Modus Drama China hingga Copy Trading Kripto
YUDIA mengadopsi pendekatan yang terlihat lebih “ringan” — tugas harian menonton drama China. Entitas ini juga menawarkan pembelian hak cipta drama China dengan iming-iming keuntungan tertentu. Strategi ini mengecoh korban seolah aktivitas mereka legal dan menguntungkan.
Sementara itu, Sensenowai menjalankan modus copy trading kripto melalui aplikasi bernama Wapex. Appeninc menggunakan skema tugas menebak gambar untuk memperoleh imbal hasil. VID menawarkan pengerjaan tugas menonton iklan disertai pembiayaan proyek fiktif. Skema penipuan berbasis teknologi ini makin sulit dibedakan dari aktivitas legal, seiring dengan berkembangnya modus penggunaan AI dalam berbagai sektor keuangan.
Aplikasi Tidak Terdaftar di Kementerian
Investasi Satgas PASTI mengungkap temuan penting terkait kelima entitas tersebut. Kegiatan mereka tidak sesuai dengan izin yang diterbitkan oleh Kementerian Investasi dan Hilirisasi RI/BKPM. Seluruh aplikasi yang digunakan juga tidak terdaftar sebagai Penyelenggara Sistem Elektronik (PSE) di Kementerian Komunikasi dan Digital RI.

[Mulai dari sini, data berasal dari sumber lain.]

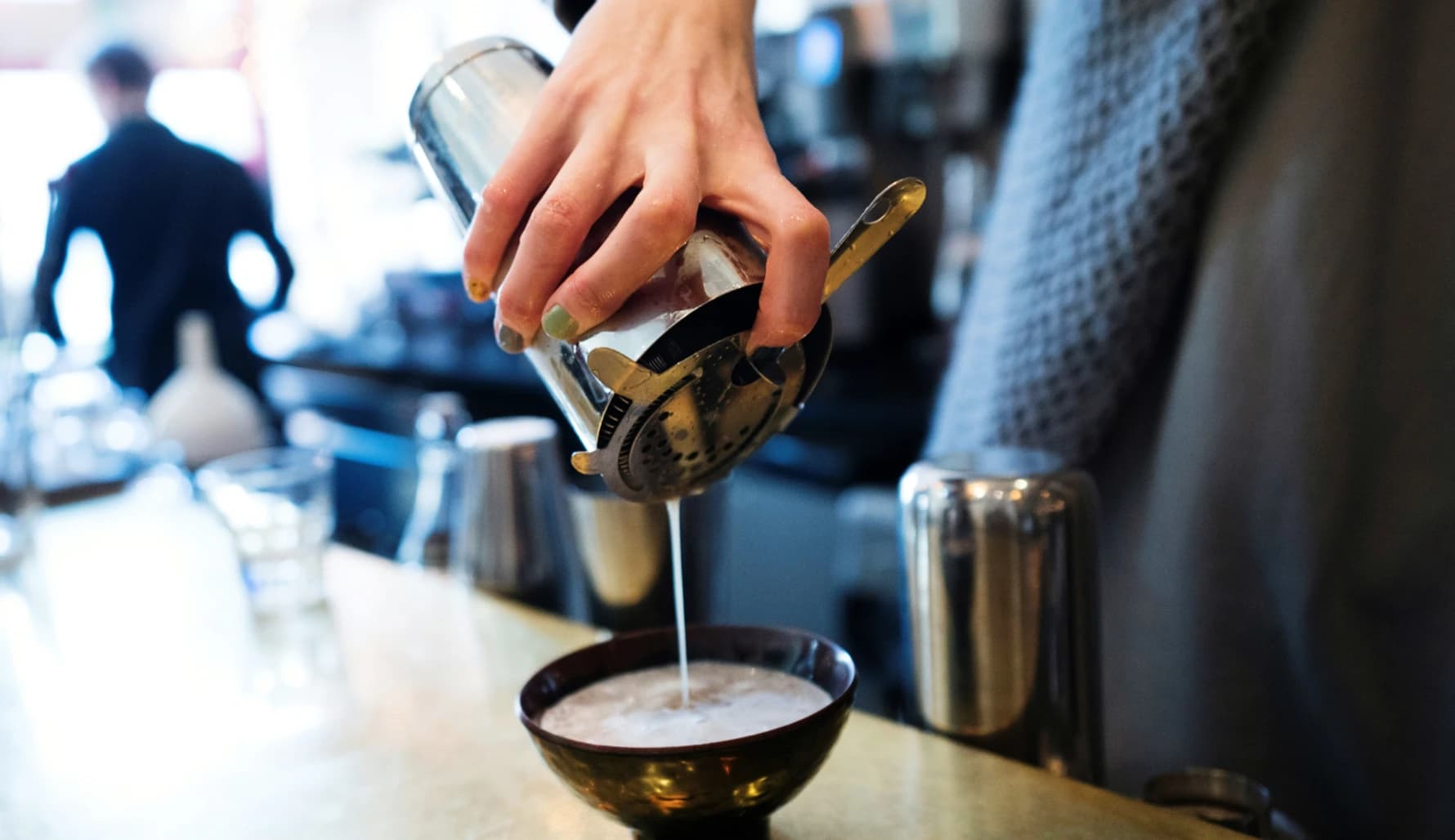 A McKinney Leaf Café barista straining a freshly mixed kava café drink into a bowl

Sebagai tindak lanjut, Satgas PASTI menghentikan seluruh kegiatan usaha entitas terkait serta memblokir akses aplikasi dan situs web yang digunakan. Satgas juga berkoordinasi dengan aparat penegak hukum untuk melakukan proses penindakan sesuai ketentuan peraturan perundang-undangan yang berlaku.
Waspada Modus Penipuan Digital Makin Beragam
Penemuan ini memperkuat dugaan adanya praktik penipuan online dan investasi ilegal yang berpotensi merugikan masyarakat luas. Masyarakat diminta meningkatkan kewaspadaan terhadap tawaran investasi yang menjanjikan keuntungan tinggi dengan risiko minimal. Pastikan setiap produk keuangan terdaftar dan memiliki izin resmi dari otoritas berwenang.
Langkah penindakan Satgas PASTI menjadi bagian dari upaya pemberantasan investasi ilegal dan perlindungan konsumen di sektor jasa keuangan digital. Dengan modus yang terus berkembang, literasi finansial menjadi pertahanan utama masyarakat dalam menghadapi jeratan penipuan berkedok investasi.